The pipeline contains two steps - classification and analysis. The classification step identifies perturbation experiments, groups replicate samples and matches control and perturbation samples. The analysis step calculates differential expression using the classification results from the previous step.

Running the scripts locally

Classification step

The classification step requires either a file containing a list of GSE IDs by using the -i option, or some keywords to search through GEO using the -ak, -ok and/or -o options.

Below is an example of the format of the file containing a list of file.

GSE14491
GSE16416
GSE17708
GSE23952
GSE28448
GSE42373

Example command for running the classification step.

spark-submit source/classify_gse/classify_gse.py \
    -i gse_ids.txt \
    -d GEOmetadb.sqlite \
    -t classifiers/gse_clf_title.pickle \
    -s classifiers/gse_clf_summary.pickle \
    -m classifiers/gsm_clf.pickle \
    -n NobleCoder-1.0.jar

Detailed script usage can be access using the -h option.

Analysis step

The analysis step requires the output file from the previous step.

Example command for running the analysis step.

spark-submit source/analyse_gse/analyse_gse.py \
    -i microarray_classified_results.csv \
    -d GEOmetadb.sqlite \
    -ms source/analyse_gse/analyse_microarray.R \
    -rs source/analyse_gse/analyse_rna_seq.R \
    -mm mouse_matrix.h5 \
    -hm human_matrix.h5

Detailed script usage can be access using the -h option.

Running on AWS

AWS Command Line Interface

The AWS Command Line Interface (AWS CLI) client is a utility from which the user can interface with the AWS "universe": list objects in an S3 database, check on a running EMR cluster, and many other functions.
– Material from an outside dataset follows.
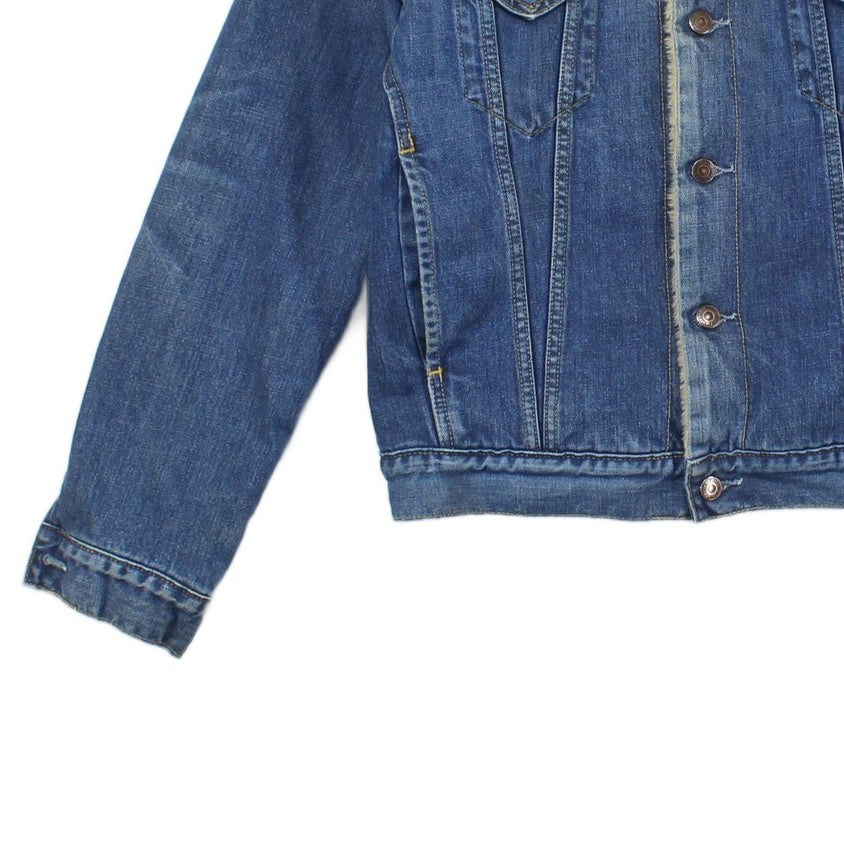 Mens Denim Jacket Sherpa Slim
Instructions on how to install the AWS CLI can be found at: http://docs.aws.amazon.com/cli/latest/userguide/installing.html

In a Linux environment, the command to install the AWS CLI is:

pip install awscli

Once installed, the AWS CLI needs to be configured with your AWS credentials.

AWS Credentials

Running GEOracle+ on AWS requires the user to have an AWS account, and to additionally have created an AWS Access Key. The AWS Access Key enables programmatic access to AWS resources. For information on how to create an AWS Access key, refer to:

Managing Access Keys for IAM Users

When you have your AWS Access Key ID and Secret Access Key, you should configure your AWS CLI, by typing the following command:

aws configure

Enter the information as prompted, including the Default region name. You may leave the Default output format by pressing Enter if you are unsure about this field.

Once this configuration is complete, you can use the AWS CLI by typing something like:

aws help

Submitting jobs on AWS

Configure config/emr_cluster.config file for launching cluster. And also configure config/classify_job.config and config/de_analysis_job.config files for submitting classification and analysis jobs respectively.

After that, run python launch_cluster.py --config config/emr_cluster.config to launch a cluster. Wait until the cluster has been created successfully before running python submit_classify_job.py --config config/classify_job.config and python submit_de_analysis_job.py --config config/de_analysis_job.config to submit classification and analysis jobs respectively.

The output files will be stored on the S3 bucket specified in the configuration files.